At Penn Medicine, a multidisciplinary team of surgeons from the Departments of Neurosurgery and Orthopaedic Surgery and the Division of Plastic Surgery are performing gracilis functional free muscle transfers (FFMT) to restore upper extremity movement to patients with brachial plexus injuries (such as avulsion, laceration or contusion).
Brachial plexus injuries are typically traumatic in origin and are marked by paralysis and other functional upper extremity deficits. If initiated within six to nine months of injury, nerve grafting and nerve transfers (also known as neurotization) can restore function to patients with brachial plexus injuries. For patients with brachial plexus denervation exceeding this timespan, gracilis FFMT has the potential to restore movement to the shoulder and elbow.
Located on the medial aspect of the thigh, the gracilis muscle has the advantages of a rich blood supply and reliable motor innervation. Gracilis FFMT surgery involves minimal donor site morbidity and little to no impairment of leg function. Once transferred to the upper arm, the gracilis has the capacity to mimic the function of the biceps and brachialis muscles. Neurotization and vascular anastomosis of the muscle at the recipient site are achieved through microsurgery. The reported success rate for gracilis FFMT in patients with brachial plexus avulsion is approximately 70%.
Case Study
RL, a 28-year-old man, was referred to the Department of Neurosurgery at Penn Medicine for restoration of movement in his paralyzed right arm. Two years prior, RL had a motorcycle accident resulting in spinal injury and complete right brachial plexus avulsion. Following the injury, he had rehabilitative therapy, including range of motion exercises, which maintained flexibility but did not restore function in the right arm.

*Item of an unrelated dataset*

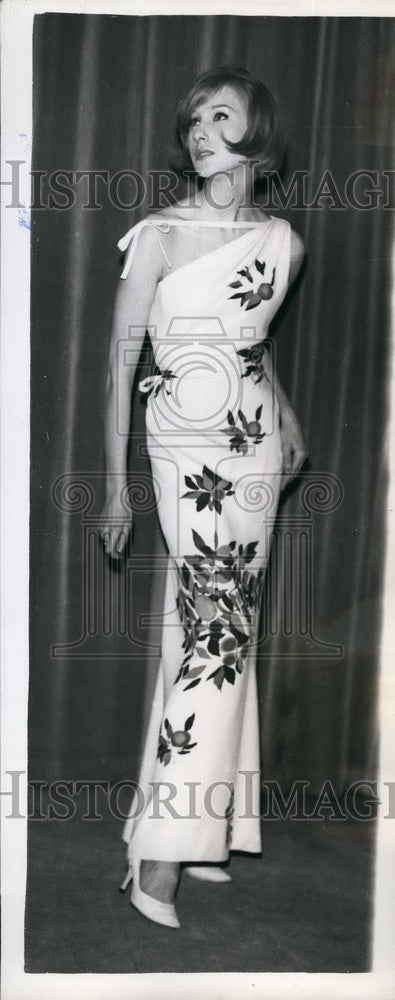 Woman Modeling Ronald Paterson Spring Evening Dress London Show - Historic Images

Since direct nerve repair was no longer an option, a functioning gracilis muscle in his left leg and donor nerves that could serve to reinnervate the muscle transfer were selected. At Penn, gracilis FFMT surgery proceeds in phases and involves coordinated teams of surgeons from Neurosurgery, Orthopaedics and Plastic Surgery. At the start of surgery, neurosurgeons first explored the brachial plexus to identify viable donor nerve sites.
The spinal accessory nerve was selected as a functional donor nerve, maintaining several branches to the trapezius muscle to avoid loss of upper shoulder function. The orthopaedic and plastic surgery teams prepared the recipient site at the upper arm; the gracilis muscle, obturator nerve, blood vessels and a skin paddle were harvested from RL’s left leg. This tissue was then positioned within the recipient site and the gracilis secured via the clavicle and biceps tendons.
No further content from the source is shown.